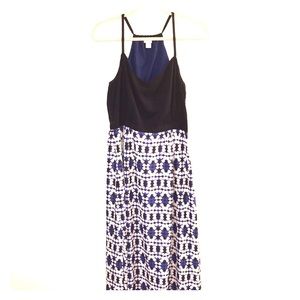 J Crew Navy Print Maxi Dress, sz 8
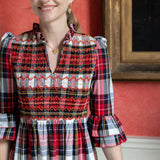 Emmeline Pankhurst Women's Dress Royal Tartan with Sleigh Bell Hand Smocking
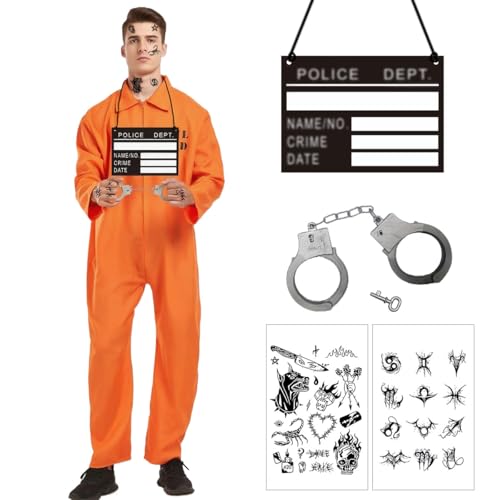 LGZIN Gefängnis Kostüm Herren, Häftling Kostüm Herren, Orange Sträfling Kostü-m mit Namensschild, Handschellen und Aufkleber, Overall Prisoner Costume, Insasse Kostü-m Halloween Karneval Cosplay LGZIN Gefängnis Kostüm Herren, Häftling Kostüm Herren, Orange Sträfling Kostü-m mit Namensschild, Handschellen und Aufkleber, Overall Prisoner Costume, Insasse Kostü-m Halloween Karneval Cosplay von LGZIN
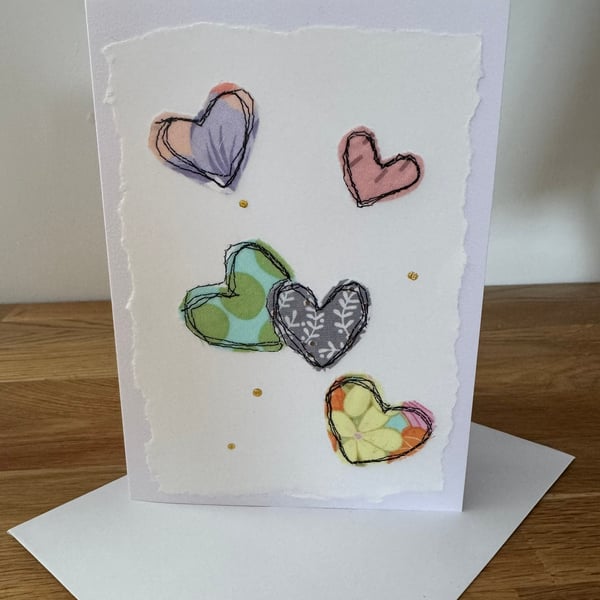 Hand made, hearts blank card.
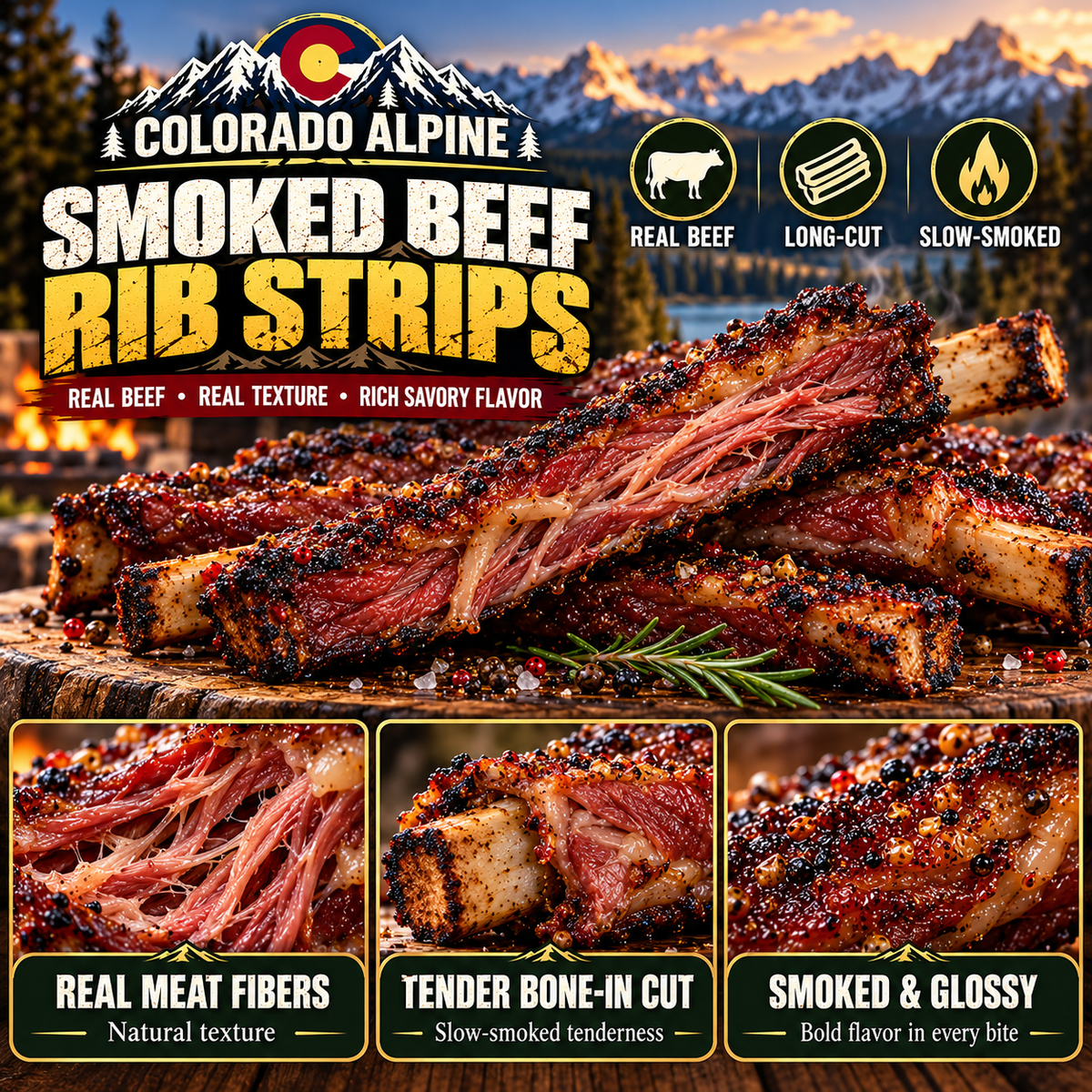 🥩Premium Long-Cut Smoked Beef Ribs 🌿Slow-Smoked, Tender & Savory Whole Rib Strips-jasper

────

Task objective
The reply must consist of the records, repeated exactly, minus any images.

Written response
 J Crew Navy Print Maxi Dress, sz 8
 Emmeline Pankhurst Women's Dress Royal Tartan with Sleigh Bell Hand Smocking
 LGZIN Gefängnis Kostüm Herren, Häftling Kostüm Herren, Orange Sträfling Kostü-m mit Namensschild, Handschellen und Aufkleber, Overall Prisoner Costume, Insasse Kostü-m Halloween Karneval Cosplay LGZIN Gefängnis Kostüm Herren, Häftling Kostüm Herren, Orange Sträfling Kostü-m mit Namensschild, Handschellen und Aufkleber, Overall Prisoner Costume, Insasse Kostü-m Halloween Karneval Cosplay von LGZIN
 Hand made, hearts blank card.
 🥩Premium Long-Cut Smoked Beef Ribs 🌿Slow-Smoked, Tender & Savory Whole Rib Strips-jasper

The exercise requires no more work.